Voz de la mujer

Si hay una cosa que une a mujeres de toda clase de orígenes, opiniones políticas, actividades y profesiones, es la experiencia típica de la intervención fracasada: estás en una reunión, haces un comentario, se produce un breve silencio y al cabo de unos segundos incómodos un hombre retoma la conversación: “Lo que estaba diciendo es que…” y piensas habría sido mejor ni abrir la boca, terminas echándote la culpa a ti misma y a los hombres que parecen considerar el debate su club exclusivo. La literatura y la historia ofrecen numerosos ejemplos de cómo a veces con agresividad y otras con indiferencia se excluye a las mujeres de la conversación pública.

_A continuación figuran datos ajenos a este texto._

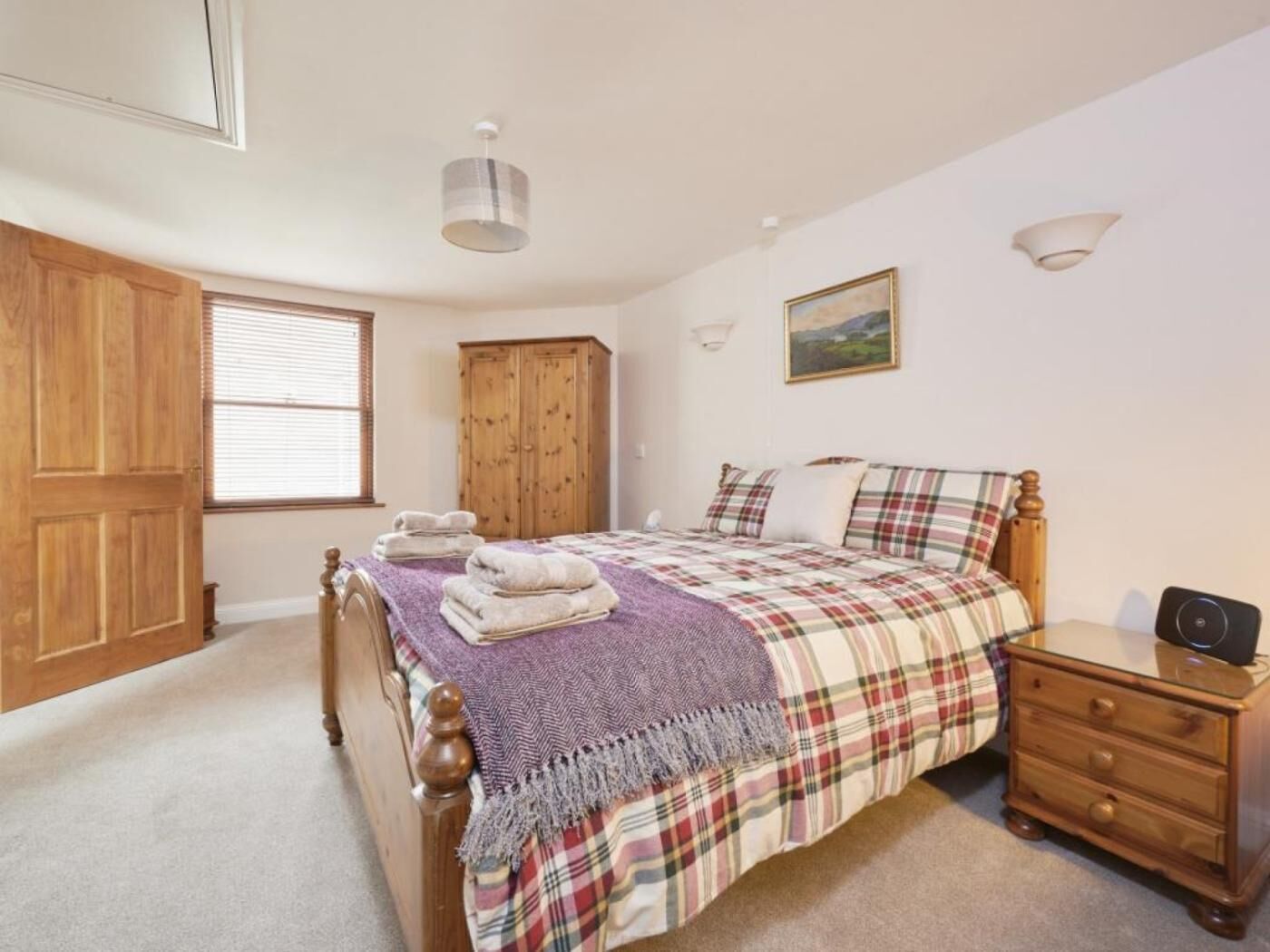 2 Bed In Keswick (Oc-sz279) - Keswick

Estas actitudes, presunciones y recelos están arraigados en nuestra cultura y nuestro lenguaje. ¿Qué se dice de las mujeres que hacen afirmaciones en público, que luchan por lo suyo, que alzan la voz? Son “chillonas”, “quiere llamar la atención” ¿Importan estas palabras? Por supuesto que sí, porque apuntalan un idioma que trata de eliminar la autoridad, la fuerza e incluso el humor de lo que decimos las mujeres. Quienes logran transmitir su voz por lo general tienen que adoptar de manera consciente aspectos de la retórica masculina, ronca, fuerte, autoritaria. Como Margaret Thatcher quien tomó lecciones vocales con el objetivo de añadir el tono de autoridad del que, según sus asesores, carecía su voz aguda.

El hecho de que las mujeres, incluso cuando no son silenciadas, tienen que pagar un precio muy alto para que se las escuche, es una injusta realidad. Hacer algo al respecto, implica reconocer que la importancia de la voz femenina en la esfera pública no está en su tono sino en la contundencia de sus argumentos.